2nd exam review.  This will make up about 90% of the exam.  Good luck!

 

1)      What is plagiarism? 

2)      What do legislatures do in our system and how important are they?

3)      Where does this power come from (precisely)?

4)      Length of legislative terms for senators and representatives (how these correspond to the purpose of those bodies).

5)      Trustee vs. delegate representative

6)      How does a bill become a law (step by step; the easy version)?

7)      How does Congress control the president and judiciary?

8)      Difference b/t who House members and Senators represent (constituency size and makeup)
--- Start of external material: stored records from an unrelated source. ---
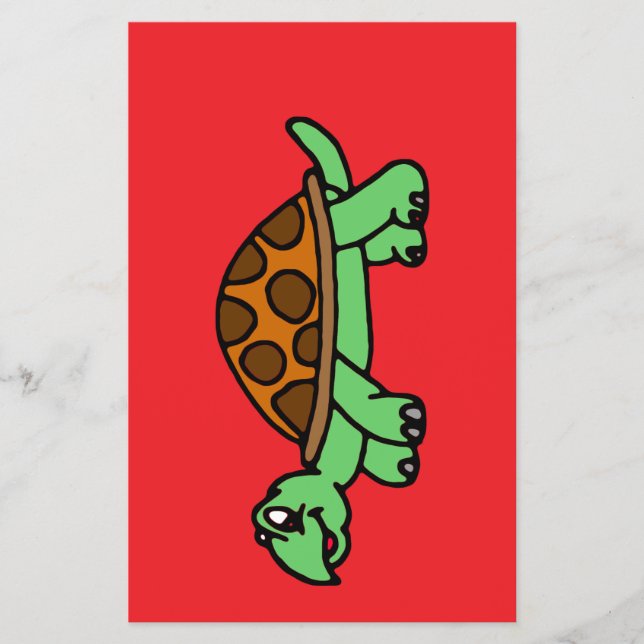 Lusy turtle flyer (Front)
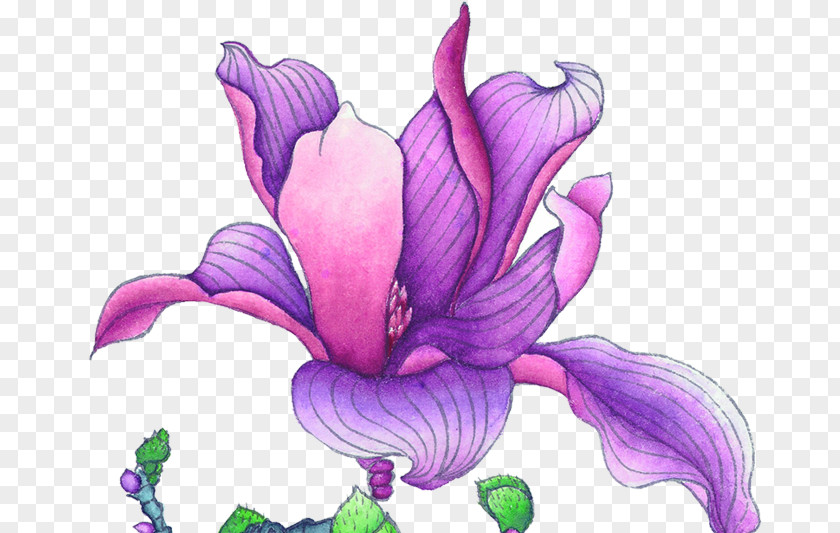 Purple Flower China Wind Antiquity Violet Euclidean Vector PNG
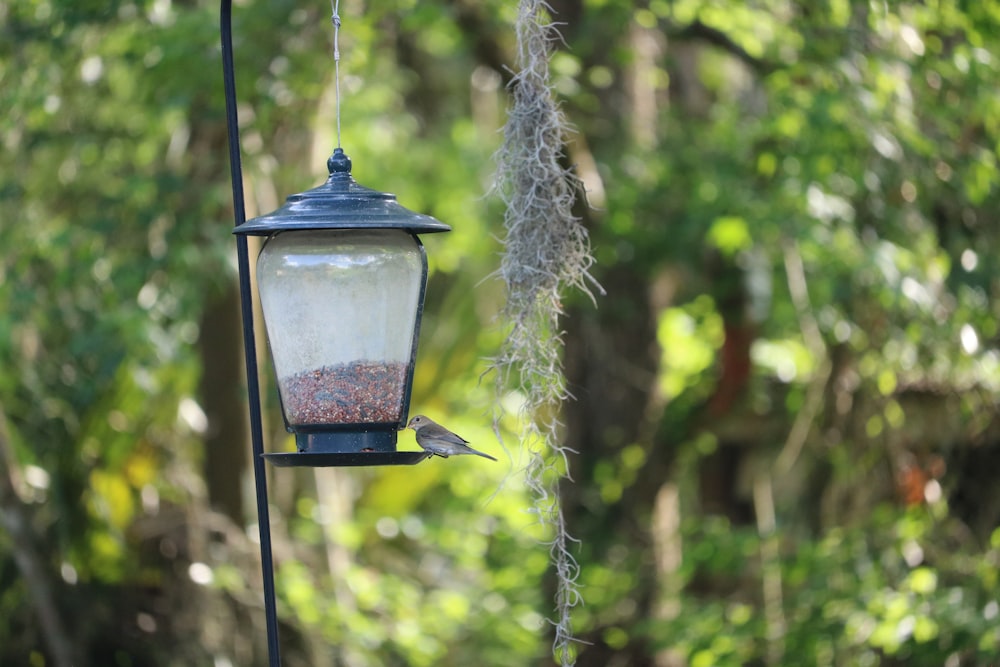 a bird is perched on a bird feeder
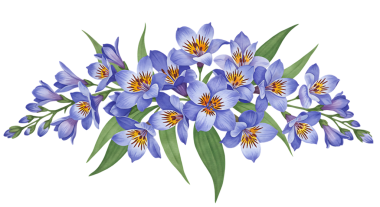 A vibrant bouquet of blue iris flowers with green leaves arranged against a transparent background, showcasing natural beauty and floral elegance perfect for botanical and floral design projects.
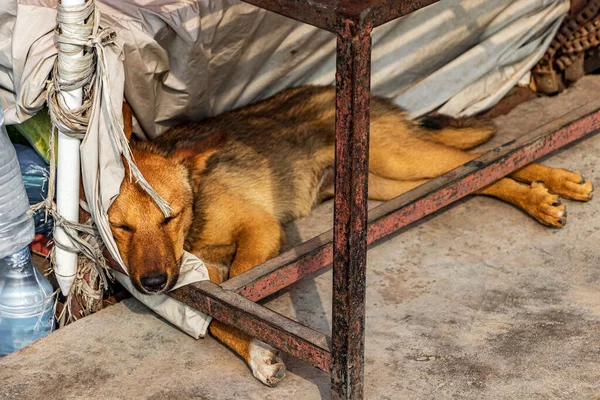 Собака Спит Столом Кольцевая Дорога Гаухаране Катманду Непал — стоковое фото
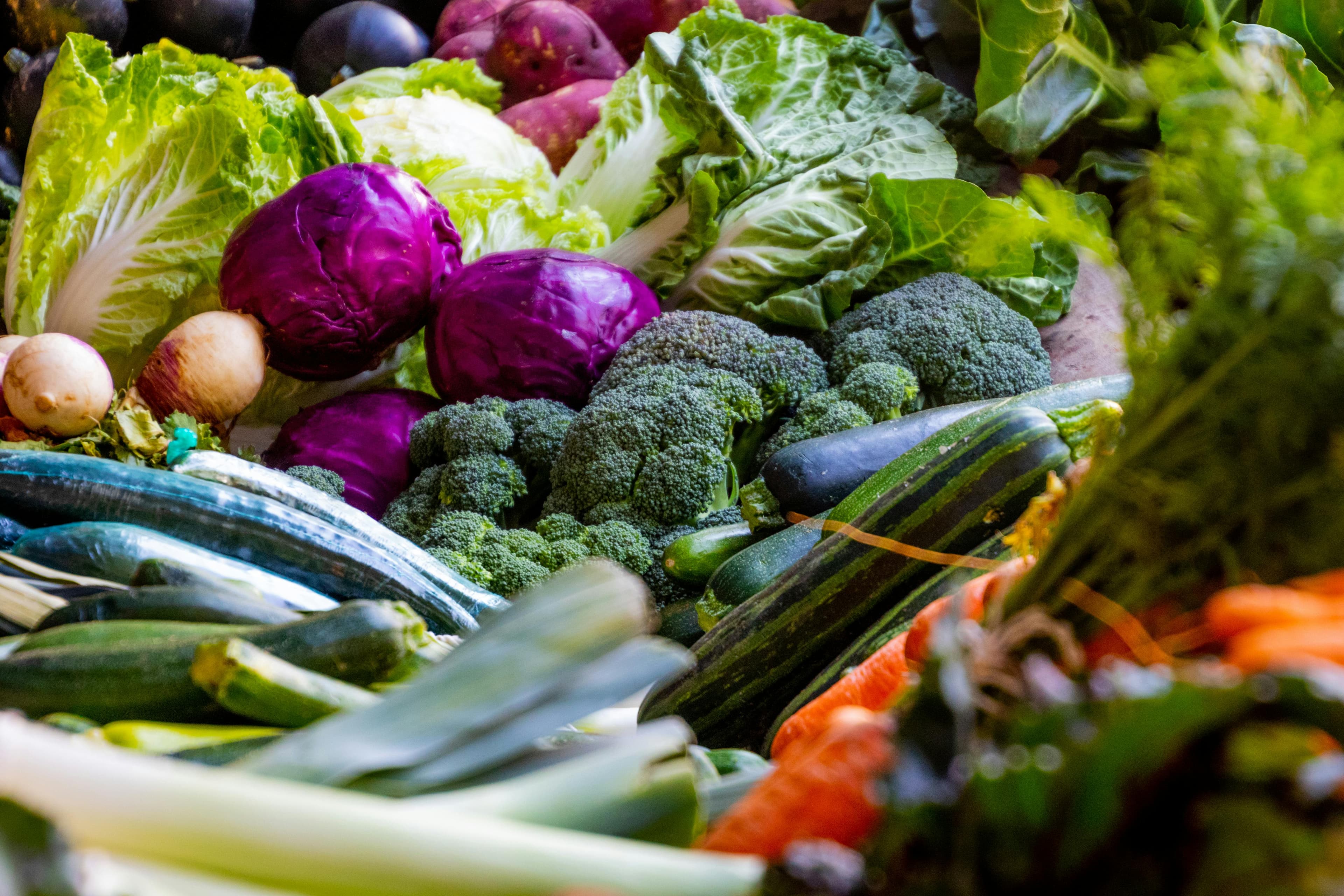 Fresh vegetables on dark background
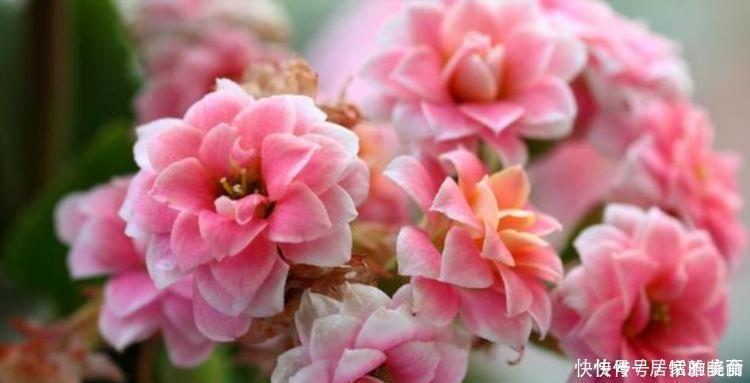 家养这些植物,阳台开出花海,开花美长势旺,黄绿交辉,内敛美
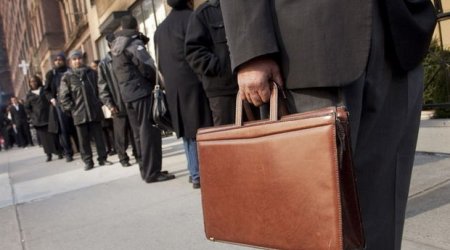 İşsizlərə sevindirici xəbər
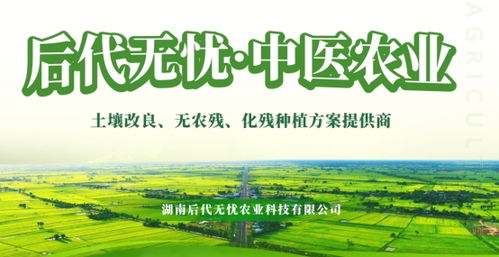 中国纺织品生态标签，引领绿色发展新篇章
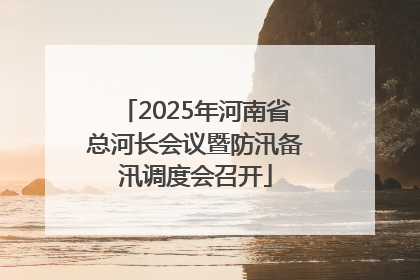 2025年河南省总河长会议暨防汛备汛调度会召开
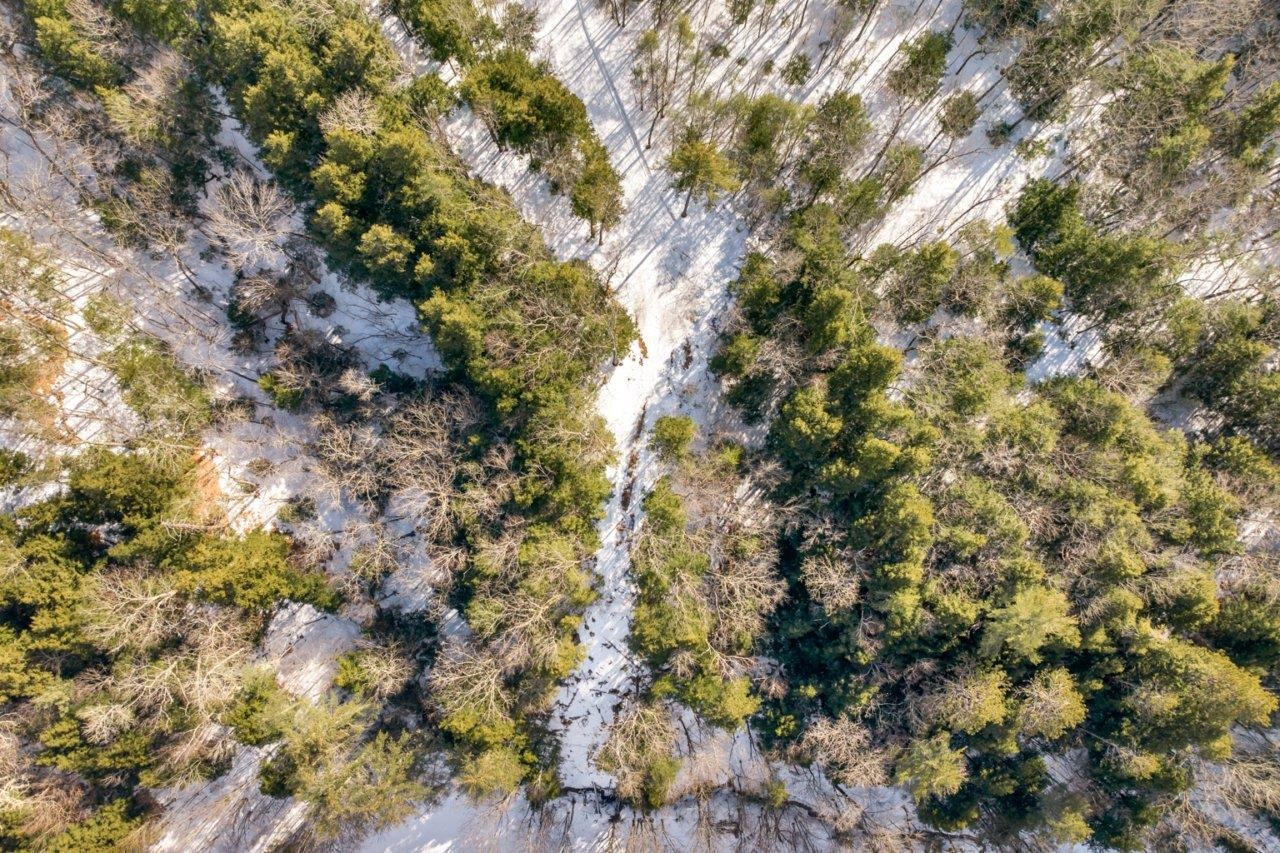 Lot 12 North Ashland Road Ashland, NH 03217 - Photo 11 of 13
9)      Where does the office of the President get its powers from?

10)  Main function of President early on?  Has this changed over time?  How?

11)  How can someone who simply executes Congress’s laws (like the president) come to have so much power over Congress over time?

12)  Leader of the party, why is this important?

13)  Can a president “declare war?”

14)  Are forest rangers bureaucrats?  What do bureaucrats do (generally speaking)?

15)  Who is struggling to control the bureaucracy?  What power does each player have to use?

16)  Does the bureaucracy act like a fourth branch of government? 

17)  Bureaucrats as representatives? Are they elected?  How might this be good/bad for democracy? 

18)  Can bureaucrats be watchdogs?

19)  Alternatives to public bureaucracy. 

20)  Are civil rights and civil liberties really different from one another?  How?

21)  where do civil liberties come from?

22)  Selective incorporation and how it relates to federalism

23)  Why don't things happen quickly in the federal legislature?

24)  What are some ways that legislators have found to get around the constraints of the framers?

25)  What do legislative committees and subcommittees do?

26)  What are some of the things that the president CAN do?

27)  Is "patchwriting" considered plagiarism?

28)  What are some reasons that Congress delegates duties to the president and the bureaucracy?

29)  In what specific ways are public organizations (firms) and private organizations (firms) different from one another (this references the Terry Moe reading, and lecture)?

a.       who "owns" the public firm?

b.      what effect do political "losers" have on the public firm?

c.       how does political uncertainty (about the future) affect the public firm (institutions particularly)?

30)  What are some specific things that public bureaucrats can do to maintain their own power?

31)  How does the battle for Black civil rights highlight the changes in federalism over time?

32)  When and why does nonviolence work as a political tactic?

a.       do you expect it to always work?  why or why not? 

33)  Does the Constitution allow religious tests to be given to people for federal office?

34)  Has the line between religion and politics (according to lecture and the Supreme Court) become more strict or more lenient over the last 20 years?

35)  Does the Constitution guarantee a right to privacy?

a.       What evidence supports this/what evidence refutes this?

36)  Does David Mayhew write that Congressional representatives care about getting reelected or not?    

a.       If so, how do they show it? 

37)  What has the court, generally speaking, done with the issue of obscenity (pornography)?  How does this relate to federalism? 

38)  According to Dr. Juenke, who is the biggest threat to our individual liberty?  What does he mean by this?

39)  What is the dilemma of delegating too much power to the president?

40)  What are the different ways (that we talked about in class) for Congress-people to stay in office?